Short web captions
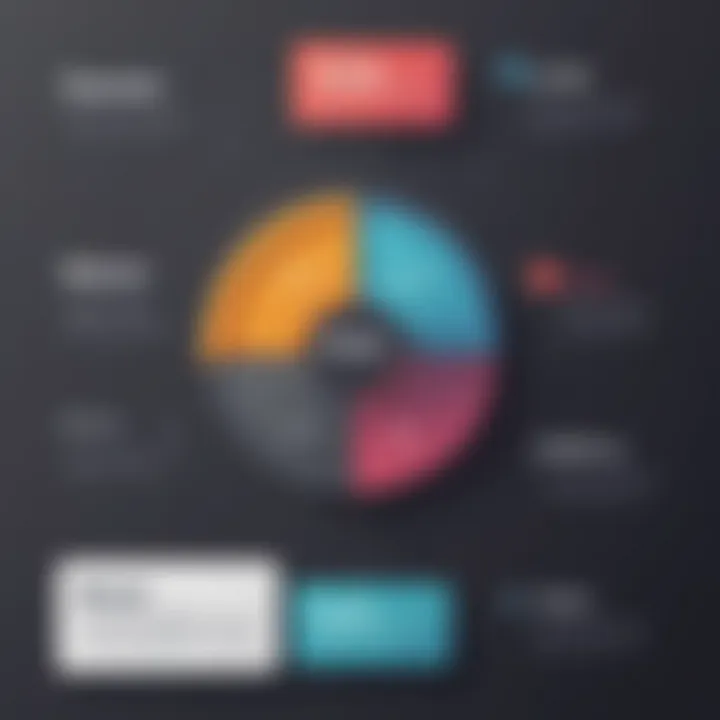 Efficient ClickUp pricing plan breakdown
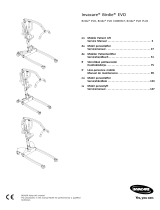 Invacare Birdie EVO Användarmanual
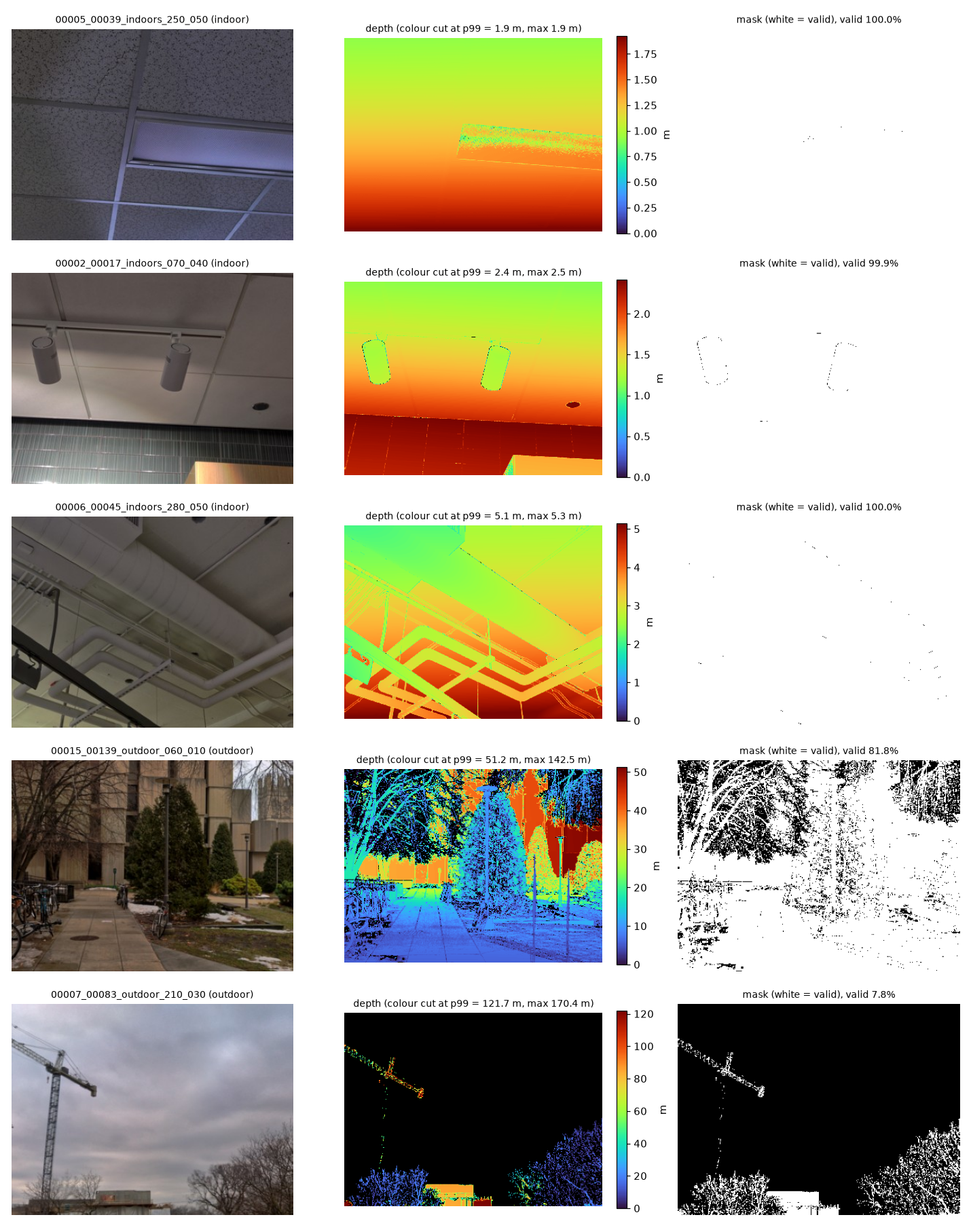 Visual inspection of 5 random training samples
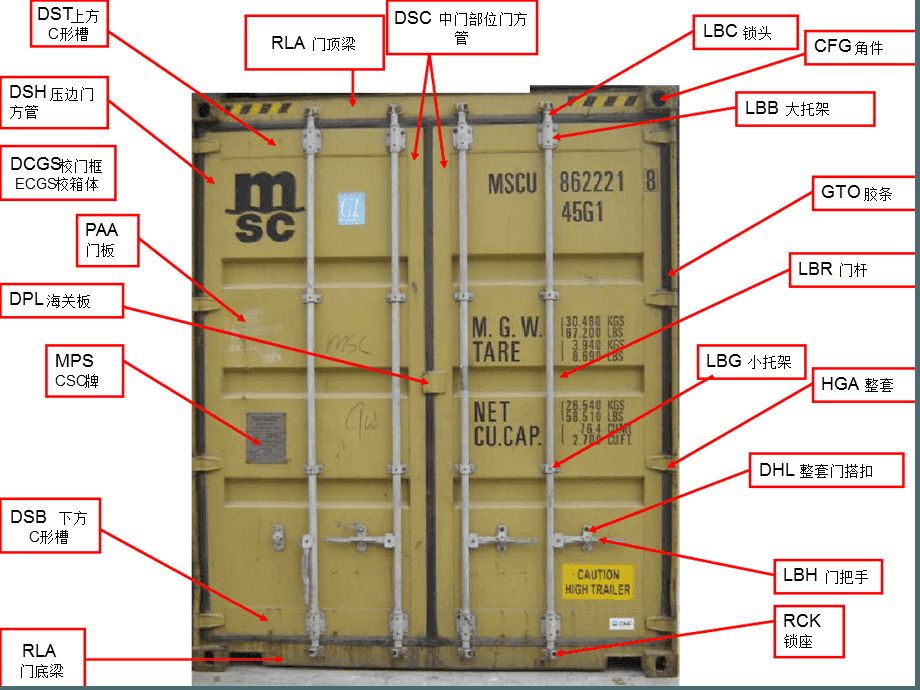 集裝箱各部件名稱合集（集裝箱各部件名稱的詳細匯總） 鋼結(jié)構(gòu)蹦極施工 第4張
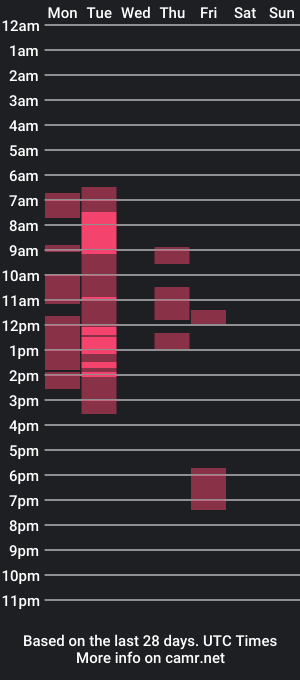 cam show schedule of doggydaddi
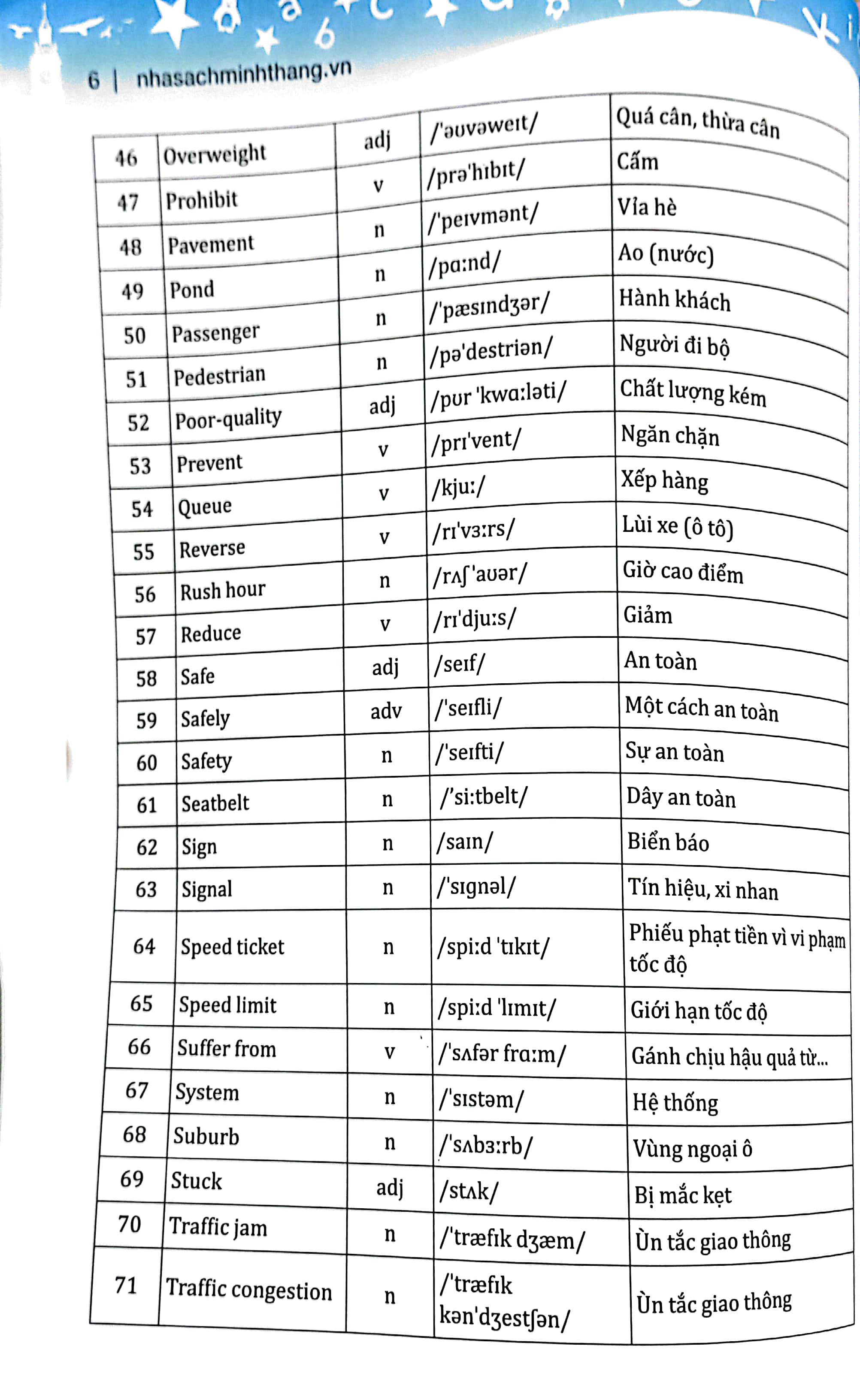 bộ global success - bài tập tiếng anh lớp 7 - tập 2 (có đáp án)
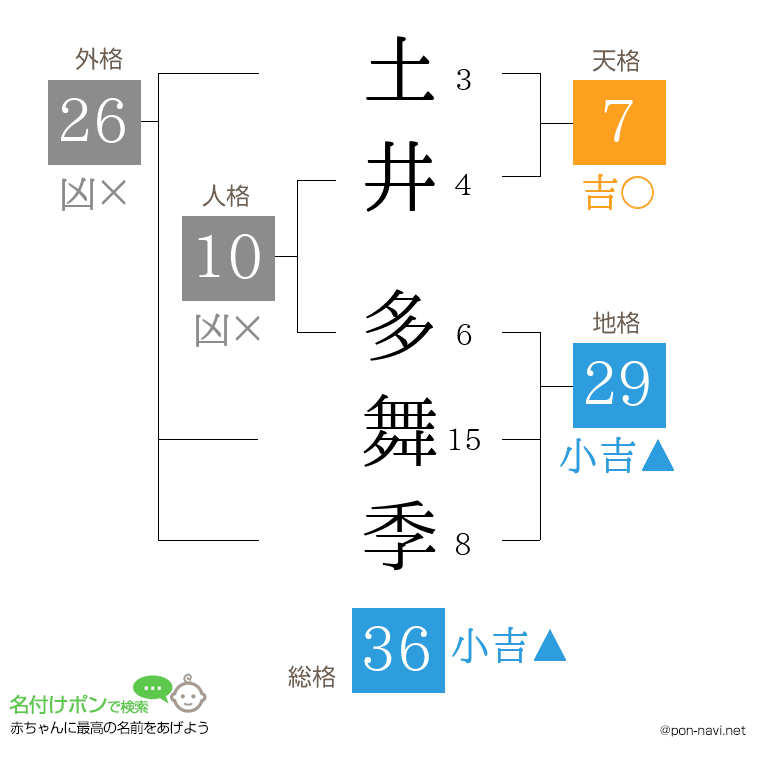 土井 多舞季さんの姓名判断結果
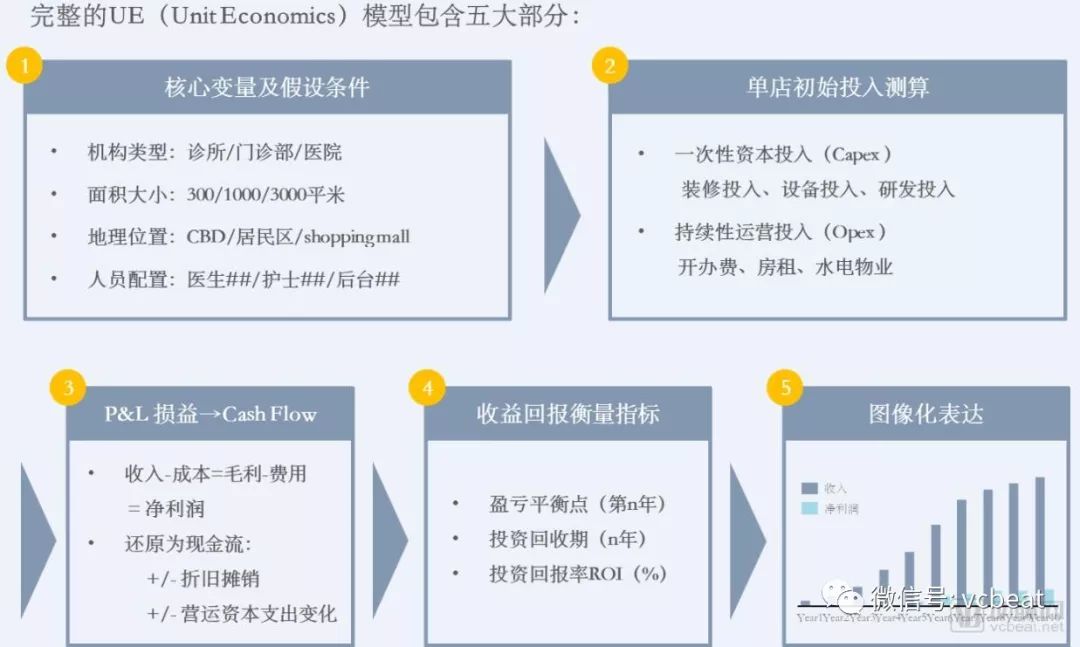 “看起来很美”的医疗服务专科连锁，该如何评估？(图6)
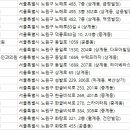 이가영산부인과의원 이미지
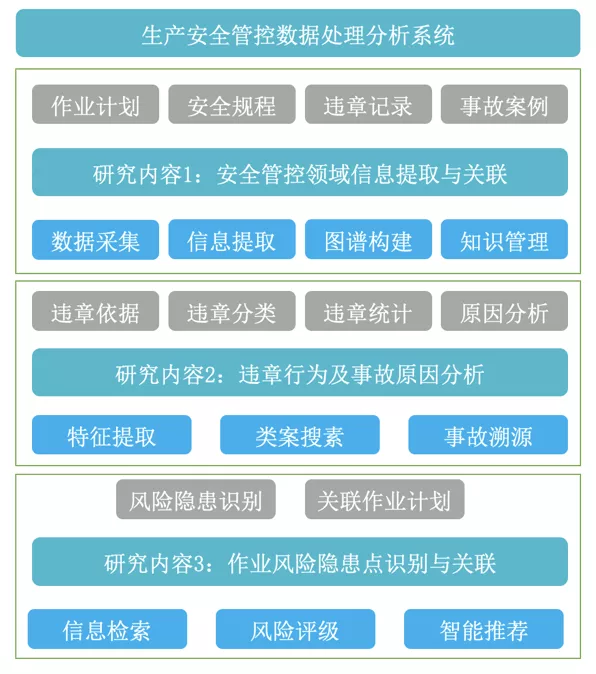 观看公司服务规范，提升服务质量与顾客体验的心得分享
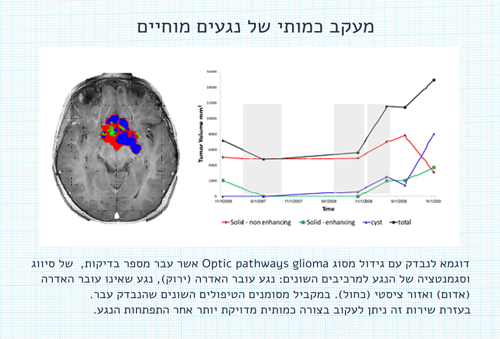 נגעים_מוחיים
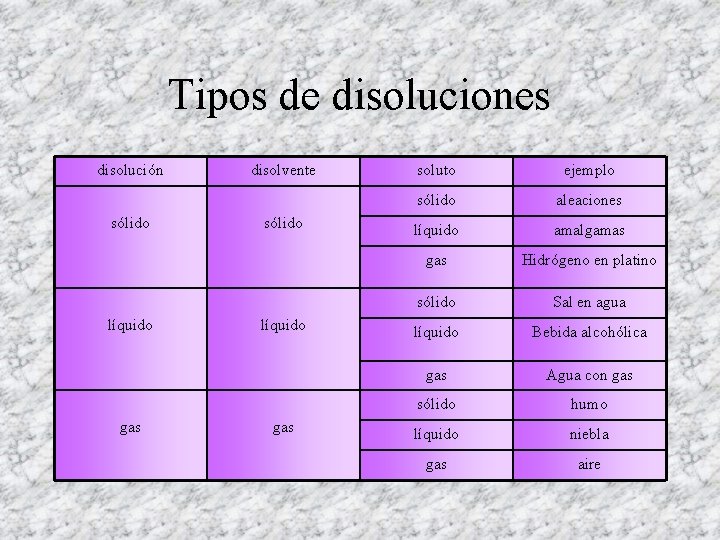 Tipos de disoluciones disolución sólido líquido gas disolvente sólido líquido gas soluto ejemplo sólido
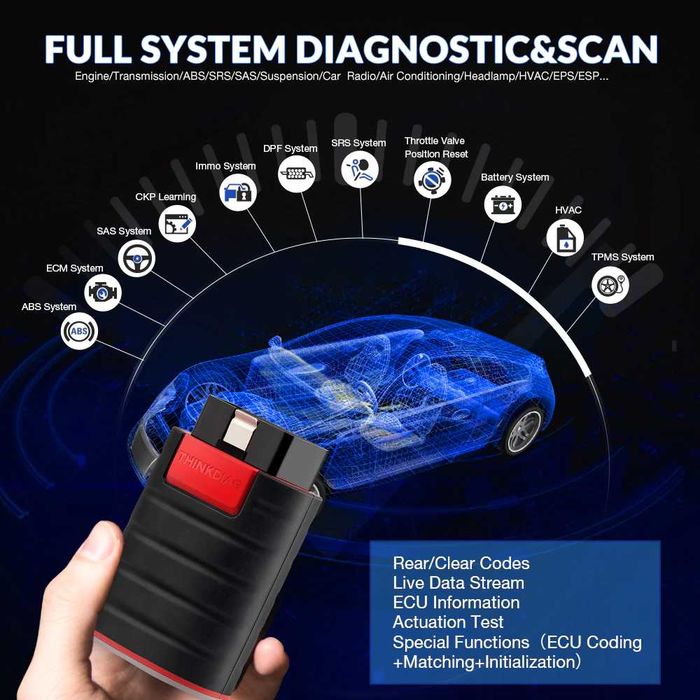 ThinkCar ThinkDiag Maq Diagnóstico OBD todas as Marcas/Funções (1 Ano)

### Task
The lines to retype run from the one containing "Invacare Birdie EVO Användarmanual" through the last line of the records above; write them exactly and skip the pictures.

### Answer to the exercise
 Invacare Birdie EVO Användarmanual
 Visual inspection of 5 random training samples
 集裝箱各部件名稱合集（集裝箱各部件名稱的詳細匯總） 鋼結(jié)構(gòu)蹦極施工 第4張
 cam show schedule of doggydaddi
 bộ global success - bài tập tiếng anh lớp 7 - tập 2 (có đáp án)
 土井 多舞季さんの姓名判断結果
 “看起来很美”的医疗服务专科连锁，该如何评估？(图6)
 이가영산부인과의원 이미지
 观看公司服务规范，提升服务质量与顾客体验的心得分享
 נגעים_מוחיים
 Tipos de disoluciones disolución sólido líquido gas disolvente sólido líquido gas soluto ejemplo sólido
 ThinkCar ThinkDiag Maq Diagnóstico OBD todas as Marcas/Funções (1 Ano)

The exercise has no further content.